For the example PRFAQ, I picked an idea that’s easy to grasp by all professionals. I avoided anything that required domain knowledge or that represented a breakthrough idea. This helps you focus on how the content is presented instead of questioning the validity of the idea.
The PRFAQ document has specific guidelines about style and formatting. You can download this and the bonus PRFAQ examples, using proper style and formatting, on www.theprfaq.com/resources.
Green Light, a B2B SaaS Startup
In one startup I worked at, employees traveled to meet with customers, for trade shows, and to go to our other office locations.

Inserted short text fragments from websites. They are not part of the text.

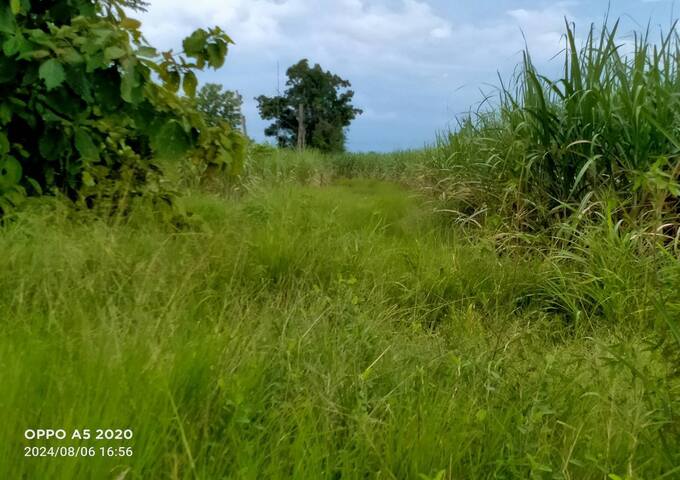 ขายที่ดิน 6ไร่ ราคาถูก อยู่ใกล้โรงพยาบาลบ้านผือซอยพนมรัตน์ ถนนบ้านค้อ ตำบลบ้านผือ อำเภอบ้านผือ จังหวัดอุดรธานี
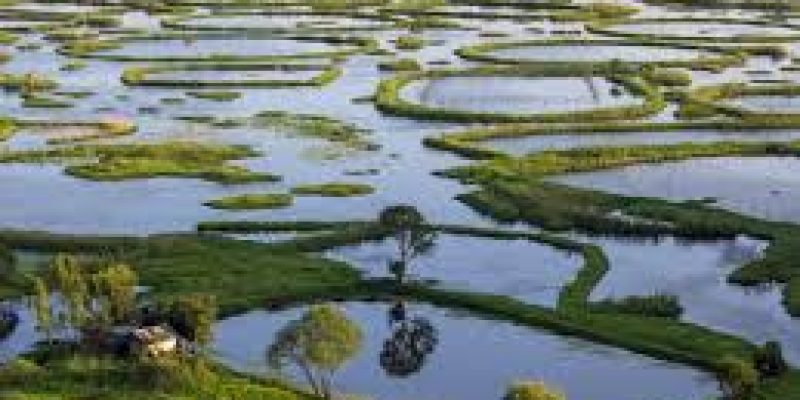 Loktak Lake
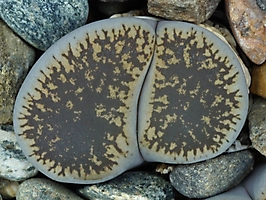 Lithops lesliei v. venteri maraisii C 153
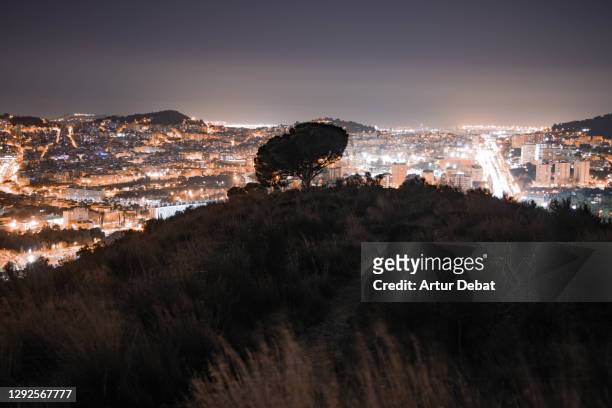 lonely tree on top of hill with the city lights on the background. - photopollution stock-fotos und bilder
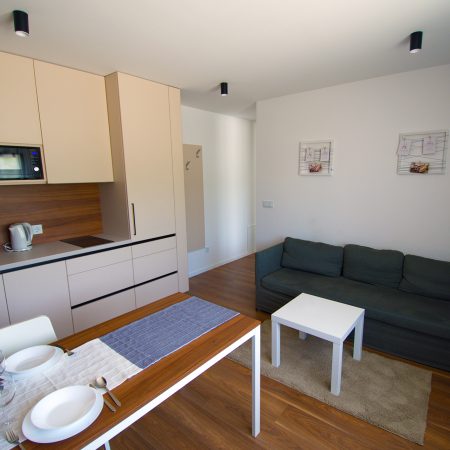 Apartmani Petrinja Najam Apartmana Sobe Smjestaj 01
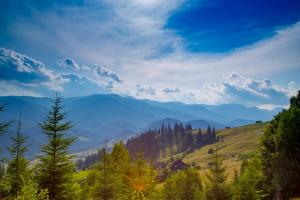 Велика Дзен Хата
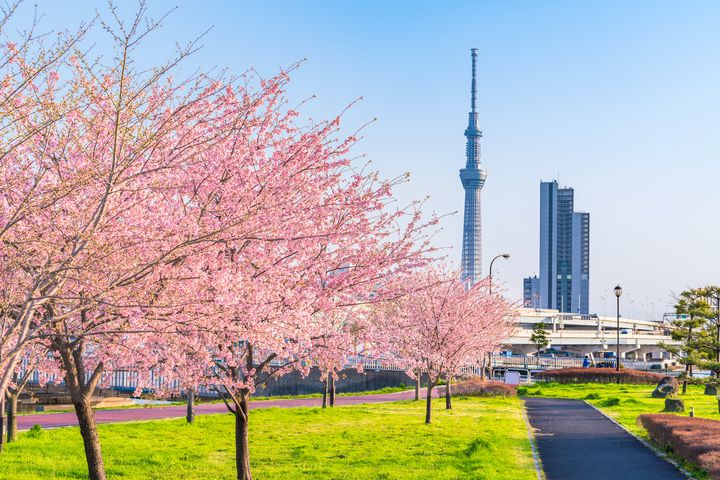 王道スポットを外してみない 東京都内のおすすめ 穴場 お花見スポット7選 Retrip リトリップ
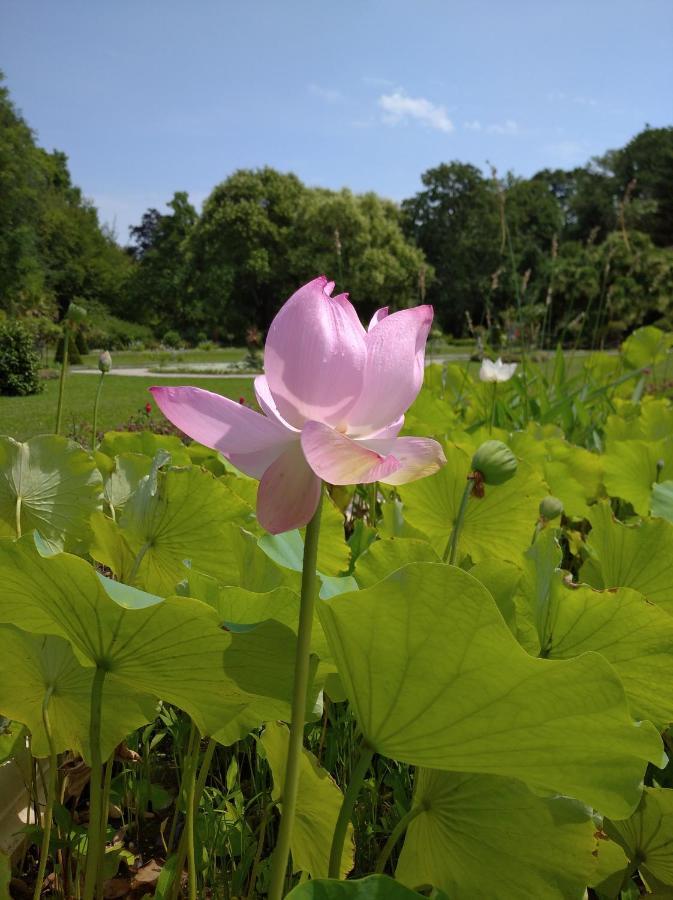 Hotel Botanical Garden Zagrzeb Zewnętrze zdjęcie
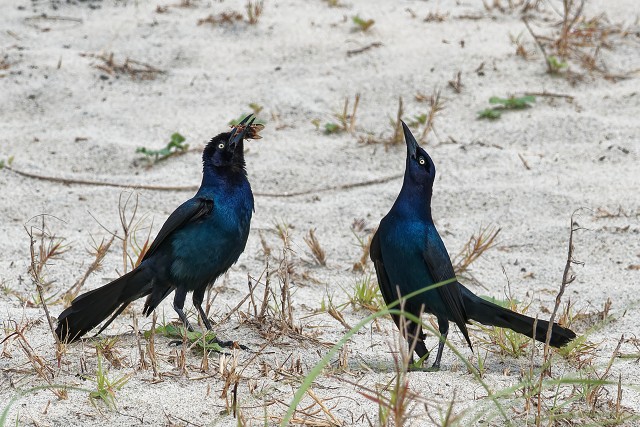 Boat-tailed Grackles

This is a common scenario in the corporate world. We grew to a size and adopted a policy of executive approval for each trip. There were no tools in place, and we tracked it via email. Emails were also used to approve new job posts, new hire offers, IT purchases, and other operational tasks. It was challenging to keep tabs, generate reports, or establish consistent procedures for these.
The Fictional Setting
You and your co-founder left a startup that grew to five hundred employees in six years. You joined when the company was thirty-five people, and everyone knew each other. You’ve seen firsthand what happens when companies grow, and the operational debt that catches up to it. The company got an SOC-II certification. You were involved in the compliance project and learned how lacking an audit trail made it challenging to get the certification. It’s difficult to have consistency across teams and people in the procedures to follow. Talking to friends, you learned this problem is not unique to tech companies. Many organizations rely on email chains to track who asked for what and who approved it. You and your co-founder left to start Green Light to solve this problem for medium and large-size companies. You wrote the PRFAQ with your co-founder to share with advisors, future team members, and pre-seed investors, and to apply to the Y Combinator and the Techstars startup accelerator programs.
Green Light brings autonomy, efficiency, and auditability to corporate approval processes.

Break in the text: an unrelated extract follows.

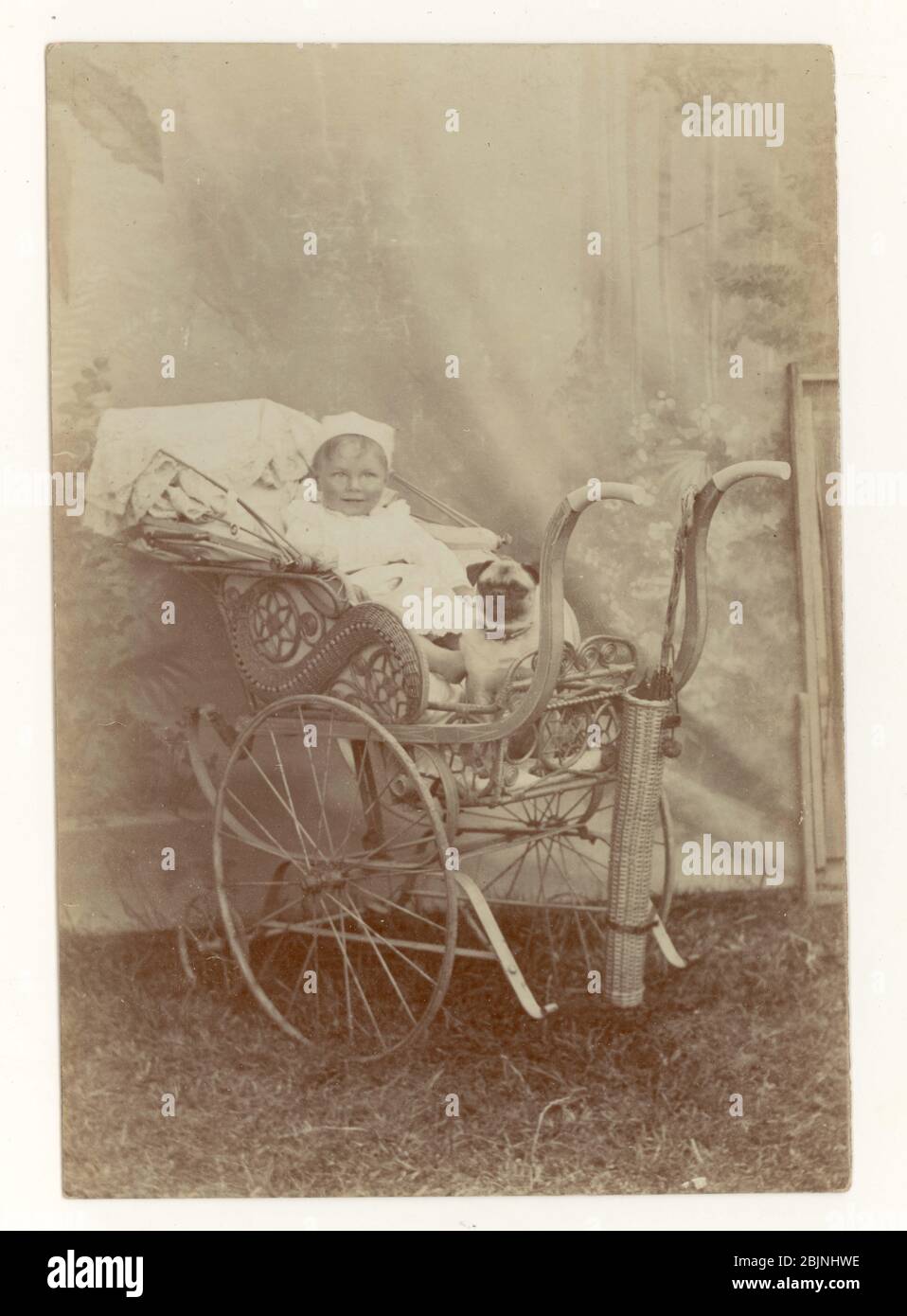 Early 1900's Edwardian seaside portrait of baby in an elaborate pram, with pug dog, cloth backdrop, circa 1905, Eastbourne, Sussex, England U.K. Stock Photo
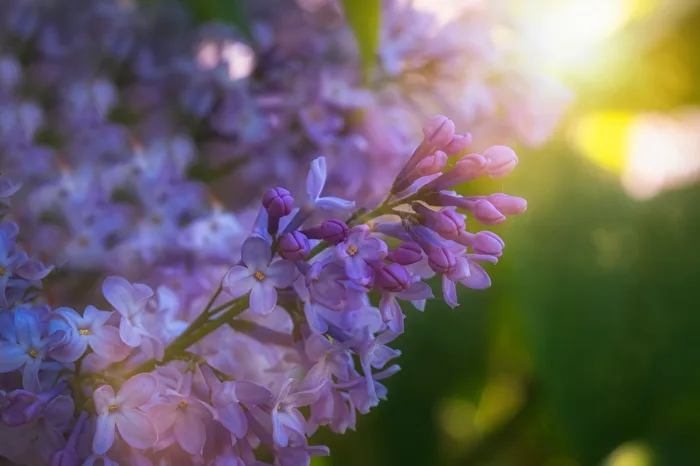 In the sunlight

Employees create and use approval flows for travel, expenses, hiring, IT, facilities, and much more.
Business Wire—Seattle, October 26, 2025—Green Light, a Seattle- based startup, launched a new service to manage approval processes. Teams set up approval flows based on their policies, and employees have a consolidated and easy experience requesting approvals.
Organizations rely on email to request, track, and approve employees’ requests. When people need an approval for travel, to open a new position, or for ordering a device, they don’t know whom to ask. It’s not clear what information to provide and what the right procedure is. They learn they must email a person in another department, which creates a growing chain of emails. It includes the team responsible for carrying out the request, the management chain, those that need to be informed, the approvers, and others. Emails get stuck in someone’s inbox because they didn’t see it or were unavailable. In larger organizations, functions like HR, Procurement, IT, Travel, or InfoSec have disjointed tools and procedures, making it challenging for employees to remember where to go and how to ask for an approval.
Green Light changes the game by providing a system that is configured by each team on how the approval chain works. It integrates into the company HR system to gather the organization structure and roles, and it’s easily set up for any use case that requires one or more approvals. Teams easily convert company policies into approval flows that can handle employees’ availability and when team members join or leave the company.
“Companies find themselves in a messy situation complying with their policies,” said Heidi Hernandez, founder and CEO of Green Light.
“Green Light makes it simple to codify policies in clear programmatic rules for everyone involved to focus on what we hired them to do instead of dealing with process overhead,” she continued.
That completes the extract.